- **What you are asked to do**: The lines to copy are those in the records below that hold the word "Street".

- **Extracted entries**:
*****

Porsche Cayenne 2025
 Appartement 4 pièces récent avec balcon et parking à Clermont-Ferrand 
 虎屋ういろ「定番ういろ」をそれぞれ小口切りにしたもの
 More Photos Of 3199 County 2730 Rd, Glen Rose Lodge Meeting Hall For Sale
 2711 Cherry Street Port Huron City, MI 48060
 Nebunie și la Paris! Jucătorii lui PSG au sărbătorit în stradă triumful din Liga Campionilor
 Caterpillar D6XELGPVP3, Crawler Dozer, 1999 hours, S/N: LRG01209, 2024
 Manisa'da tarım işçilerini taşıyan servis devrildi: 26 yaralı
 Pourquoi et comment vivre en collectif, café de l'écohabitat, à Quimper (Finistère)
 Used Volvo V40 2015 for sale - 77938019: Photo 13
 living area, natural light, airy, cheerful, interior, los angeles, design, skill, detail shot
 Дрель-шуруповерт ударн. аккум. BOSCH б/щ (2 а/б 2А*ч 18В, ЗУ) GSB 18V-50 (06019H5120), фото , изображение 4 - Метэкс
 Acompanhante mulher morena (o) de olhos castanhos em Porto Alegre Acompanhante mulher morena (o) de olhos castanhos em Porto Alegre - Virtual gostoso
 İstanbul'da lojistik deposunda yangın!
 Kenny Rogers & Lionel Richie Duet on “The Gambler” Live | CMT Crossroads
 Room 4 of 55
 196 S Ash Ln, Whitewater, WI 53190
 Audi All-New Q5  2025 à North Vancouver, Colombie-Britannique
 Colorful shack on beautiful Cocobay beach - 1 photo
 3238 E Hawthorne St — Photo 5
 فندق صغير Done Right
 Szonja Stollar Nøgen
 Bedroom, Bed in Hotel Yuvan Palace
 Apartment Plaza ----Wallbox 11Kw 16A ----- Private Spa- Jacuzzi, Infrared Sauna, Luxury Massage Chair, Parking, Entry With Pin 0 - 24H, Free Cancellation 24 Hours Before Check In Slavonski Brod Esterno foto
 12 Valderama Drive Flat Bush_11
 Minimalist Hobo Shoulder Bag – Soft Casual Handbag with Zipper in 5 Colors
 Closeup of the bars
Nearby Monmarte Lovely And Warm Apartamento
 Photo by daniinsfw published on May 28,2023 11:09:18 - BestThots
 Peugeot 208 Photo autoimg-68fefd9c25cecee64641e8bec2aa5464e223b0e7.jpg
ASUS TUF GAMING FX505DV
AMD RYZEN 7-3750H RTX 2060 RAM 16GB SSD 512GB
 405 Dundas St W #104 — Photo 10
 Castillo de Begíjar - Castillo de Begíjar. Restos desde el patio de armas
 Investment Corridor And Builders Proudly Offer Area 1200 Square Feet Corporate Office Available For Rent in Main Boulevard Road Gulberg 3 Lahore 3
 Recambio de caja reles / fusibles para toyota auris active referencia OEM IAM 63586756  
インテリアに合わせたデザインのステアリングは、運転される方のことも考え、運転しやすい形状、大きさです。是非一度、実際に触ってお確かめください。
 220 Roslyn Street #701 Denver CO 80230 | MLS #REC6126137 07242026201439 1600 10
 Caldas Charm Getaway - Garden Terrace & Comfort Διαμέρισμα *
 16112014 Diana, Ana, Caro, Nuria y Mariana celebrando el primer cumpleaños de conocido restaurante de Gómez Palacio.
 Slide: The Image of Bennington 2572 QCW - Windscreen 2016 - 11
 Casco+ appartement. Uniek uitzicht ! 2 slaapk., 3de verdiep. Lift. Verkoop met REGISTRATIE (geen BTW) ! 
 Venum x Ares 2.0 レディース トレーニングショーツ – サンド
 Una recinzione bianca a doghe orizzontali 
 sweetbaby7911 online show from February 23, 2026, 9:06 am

*****

- **Answer section**:
 2711 Cherry Street Port Huron City, MI 48060
 220 Roslyn Street #701 Denver CO 80230 | MLS #REC6126137 07242026201439 1600 10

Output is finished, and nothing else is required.